Some are suggesting that the controversy over whether or not TNA will even be able to go forward with its planned Sunday Bound for Glory pay-per-view extravaganza is some sort of clever PR stunt, but to think that misses a key point.

A company that has been fighting for legitimacy in the eyes of mainstream wrestling fans can’t be so desperate for attention that it would have to tease its own demise as a company just to get attention.

Could it?

Reports are that, in fact, Smashing Pumpkins frontman Billy Corgan, who has been involved in creative and on-air on TNA TV programming, is among the suitors for the company, along with industry giant WWE.

A Corgan purchase would be good news for TNA fans, because his interest is in keeping the company moving forward, with Bound for Glory and beyond, building on a promising roster that includes world champion Bobby Lashley, and WWE castoffs Aron Rex, Cody Rhodes, Drew Galloway and EC3.

Any kind of announcement involving WWE would be bad news, because The E would likely do what it did when it bought out WCW 15 years ago, namely, shutter the doors on a competitor.

WWE is almost certainly interested solely in the tape library of TNA, along with the contracts of a few top TNA superstars.
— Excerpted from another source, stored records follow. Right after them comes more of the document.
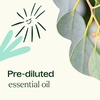image:imagePlant Therapy Eucalyptus PreDiluted Essential Oil RollOn 10mL 13 oz 100 Pure for Clear Breathing Aromatherapy and Topical Use033 Fl Oz Pack of 1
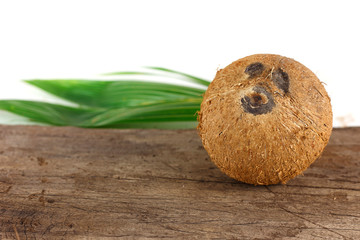 A coconut with shell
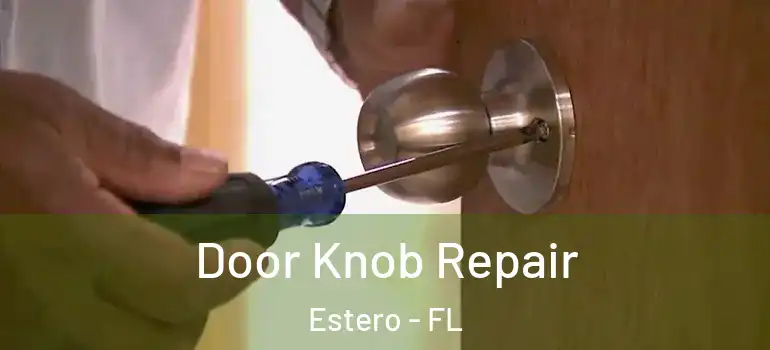  Door Knob Repair Estero - FL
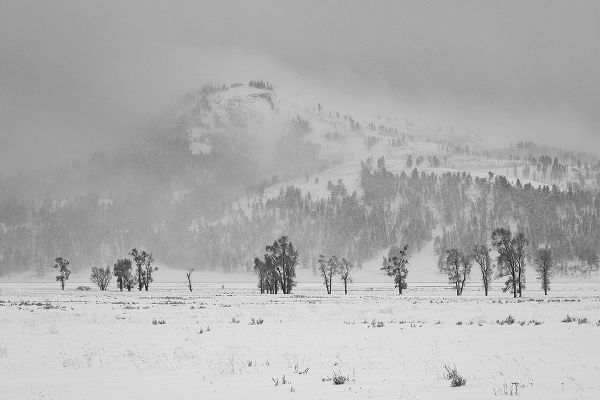 The Yellowstone Collection 작가의 Winter Day in Lamar Valley, Yellowstone National Park 작품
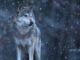 Kurt Kotrschal: Vlk – pes – člověk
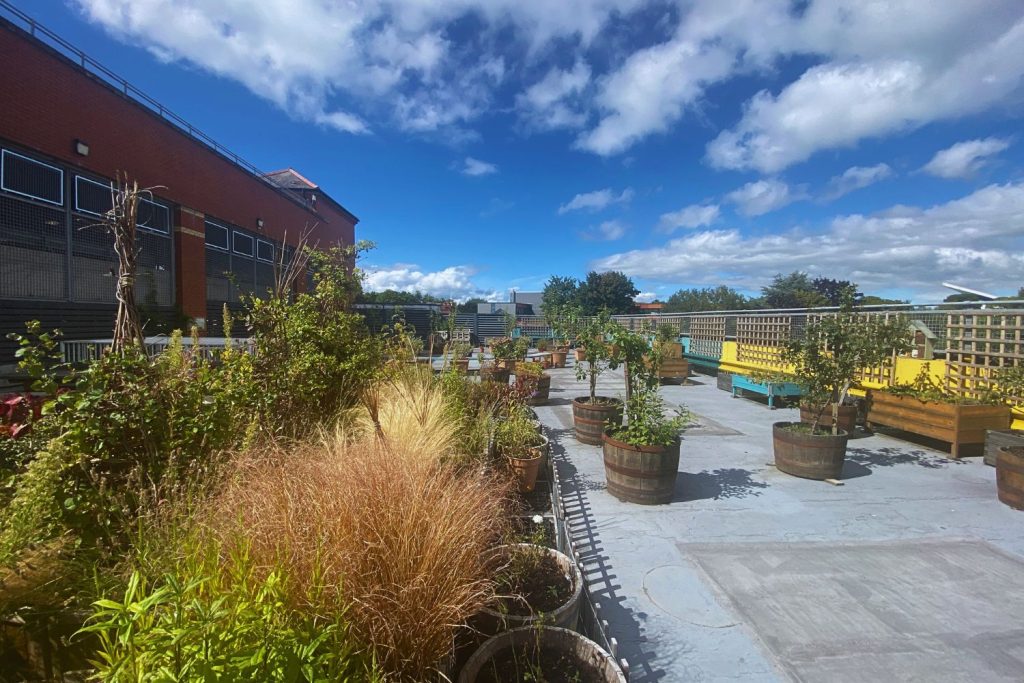 A view of the Ty Pawb Rooftop garden, potted apple trees and shrubs can be seen.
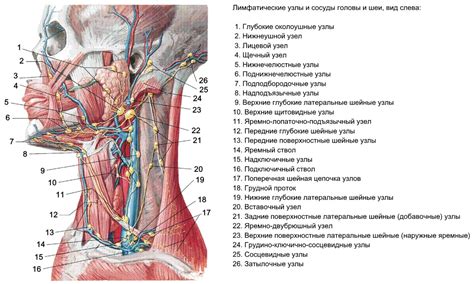 Лимфоузлы: Типы и структура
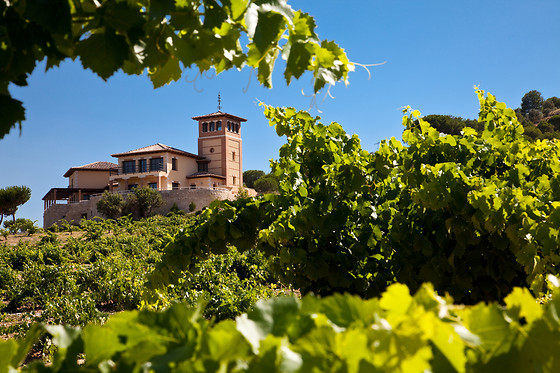 BODEGA  PIEDRA - photo 5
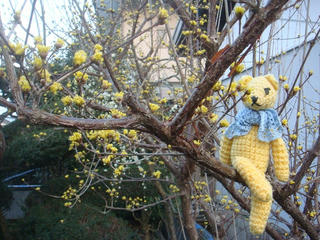 0224DSC08831.jpg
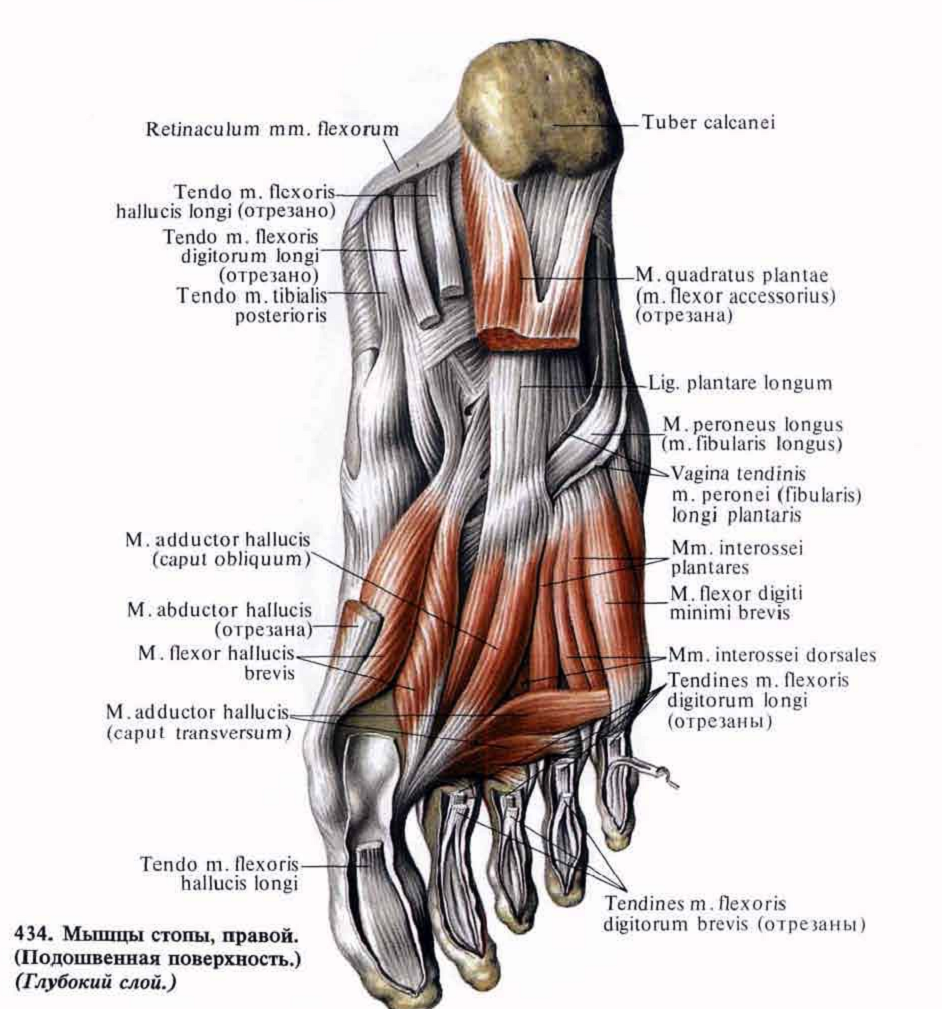 Мышцы стопы человека в картинках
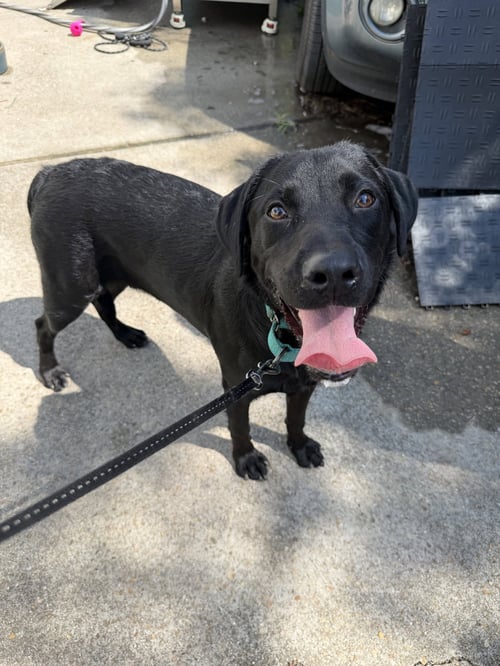 MILAN - Labrador Retriever / Flat-coated Retriever available for adoption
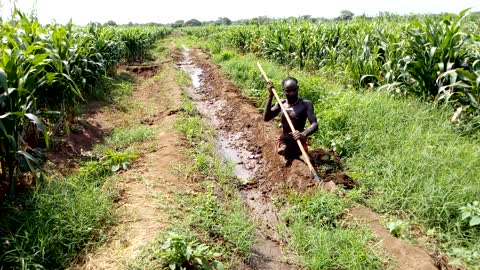 How to poor disable people doing irrigation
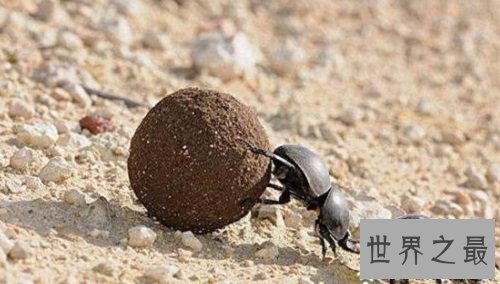 世界最强壮的动物，可以举起比自己重60倍的东西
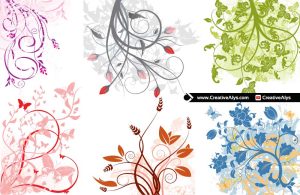 Beautiful Flowers for Your Designs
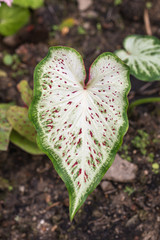 Close up red and white of Caladium leave background.Caladium Miss Muffet plant.(Angle Wings)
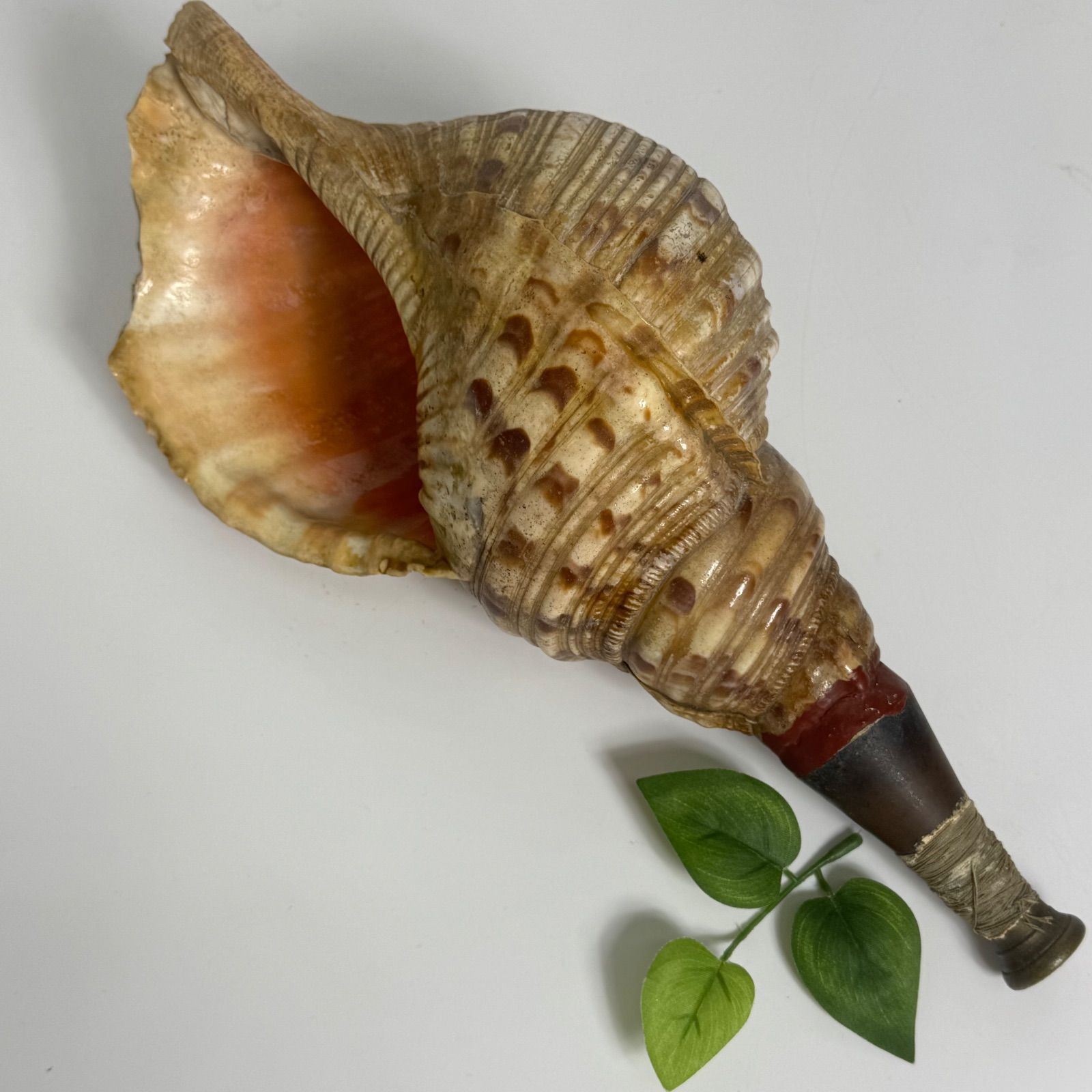 希少・アンティーク】天然 法螺貝 ほら貝 吹奏楽器 約40cm 修験道 仏具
TNA talent has provided an interesting lifeblood for WWE of late, with former TNA mainstay A.J. Styles now holding the prestigious WWE world championship, and long-time TNA superstar Samoa Joe having a reign with the NXT championship that ended recently.

The talent currently in TNA, and the creative team, both do a good job of putting together compelling wrestling programming week in, week out. The problem for TNA, dating back many years, is not what you see in the ring, and on the TV screen, but rather in the front office, and more pointedly, in the lack of capitalization on the business side.

TNA has struggled to gain a foothold in terms of a consistent TV deal, and made a disastrous foray into live-event house shows that we have to presume (based on attendance) was a money drain.

The money issues are such that it would take someone with much deeper pockets even than a bona fide music icon like Corgan to be able to fix.

It’s admirable that he wants to be the next one to try to keep the ship afloat and work to going full steam ahead.

TNA has been the subject of countless obituaries over its 14-year run, so don’t give up on the company just yet.

You have to think it has at least a little life left in it. The product is too good to just have it all go quietly into the night.